Navigating the file system and loading, reading and writing to and from files is an important aspect of working with data. That's why we will take a closer look at some of the functionalities provided by python to deal with this.

### Accessing the OS-specific file system
Whenever you want to access directories, navigate around the filesystem or create files it is usually a good idea to use the "os" package which comes with python by default. You just need to import it like this:

In [None]:
import os

Get current working directory:

In [None]:
print(f"os.cwd(): {os.getcwd()}")

Different operation systems usually address folders and files differently. While you use "\\" in Windows to separate different folder levels (e.g. "C:\Windows\system32"), POSIX systems like Linux and macOS use "/". These separators can lead to compatibility issues when being hardcoded. Luckily the os package offers solutions to this:

In [None]:
print(f"Seperator used in your current OS: {os.sep}")
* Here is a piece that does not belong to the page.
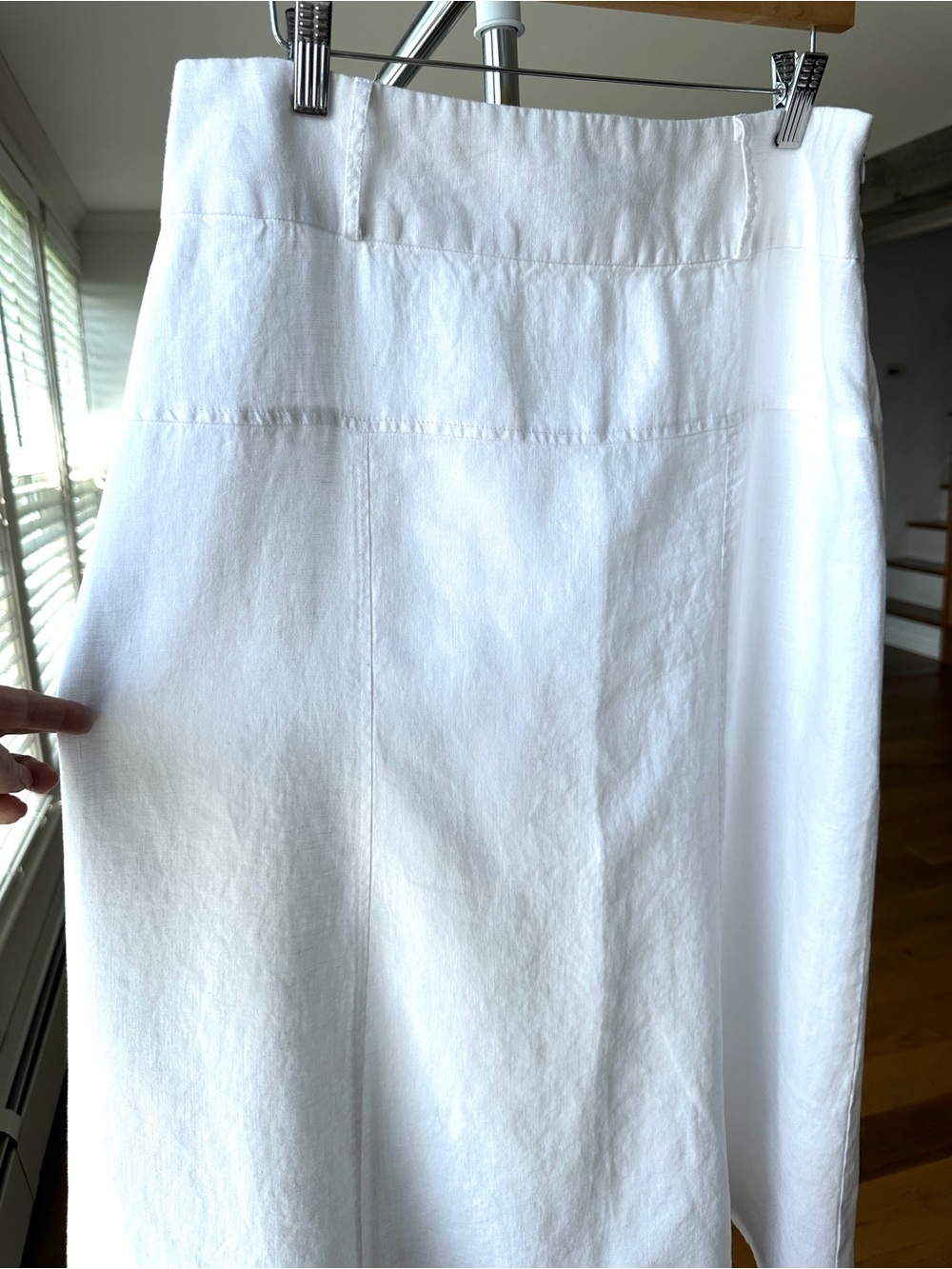 For Cynthia White A-Line Skirt, Midi Length in 💯 Linen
l = ["Path","to","folder"]
print(f"os.sep.join(): {os.sep.join(l)}")

path_win = "C:\Windows\system32"
path_posix = "/home/myprofile/testdata"
path_extension = "path_extension"

print(f"win_path with extension: {os.path.join(path_win,path_extension)}")
print(f"posix_path with extension: {os.path.join(path_posix,path_extension)}")
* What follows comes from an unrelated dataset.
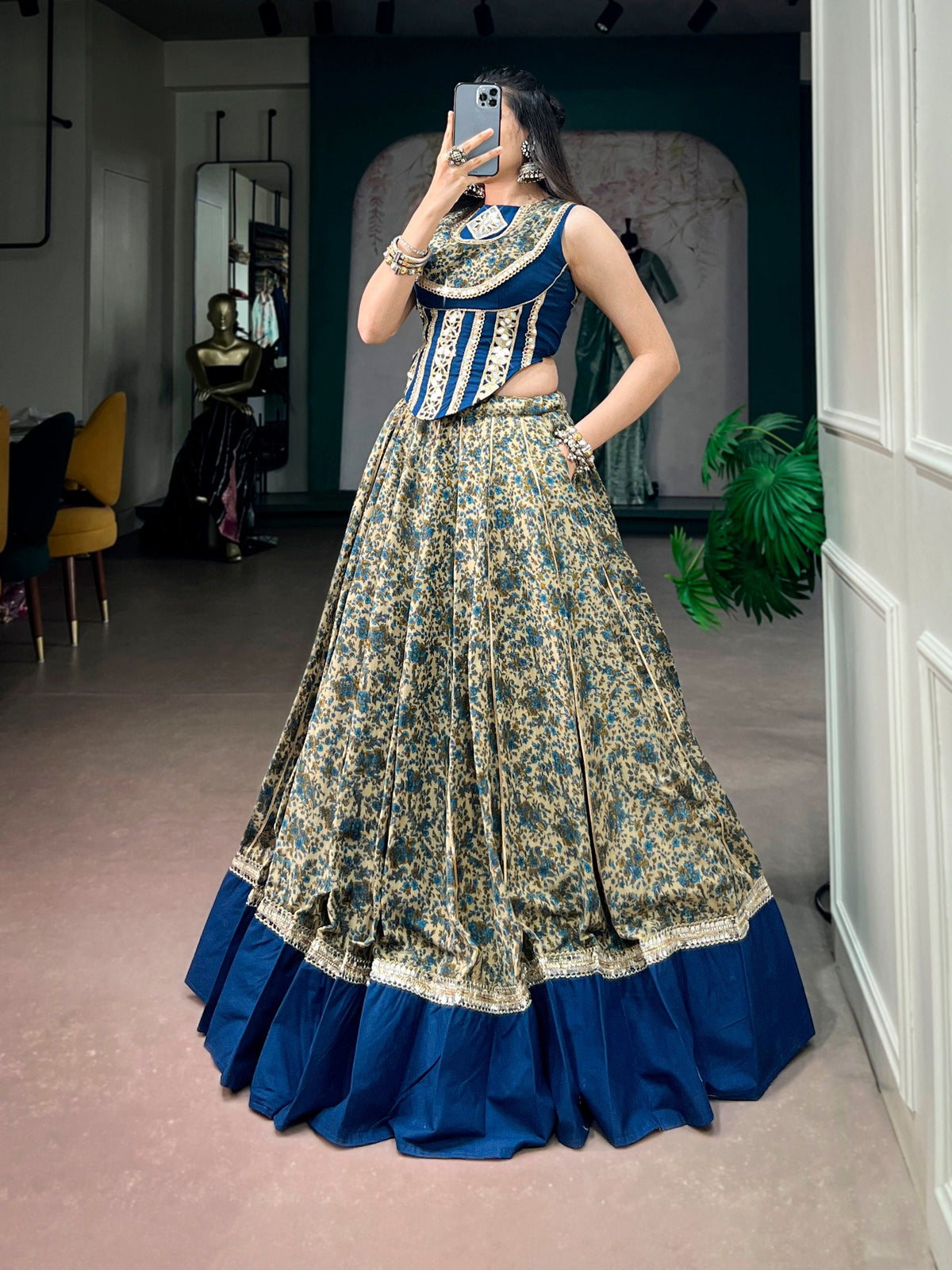 Siya Polyester Viscose Chanderi Lehenga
Depending on your OS one of the two paths printed out at the end should look correct (win_path for Windows, posix_path for Linux and MacOS ).

If you want to split up a given path, the function os.path.split() might come in handy. It returns a tuple of two strings (head, tail), the second of which contains every character after the final slash. To make this more clear:

In [None]:
# for windows

print(f"windows path: {path_win}")
split_path = os.path.split(path_win)
print(f"windows path split: {split_path}  | head: '{split_path[0]}'   tail: '{split_path[-1]}'")

In [None]:
# for linux and macos

print(f"posix path: {path_posix}")
split_path = os.path.split(path_posix)
print(f"posix path split: {split_path}  | head: '{split_path[0]}'   tail: '{split_path[-1]}'")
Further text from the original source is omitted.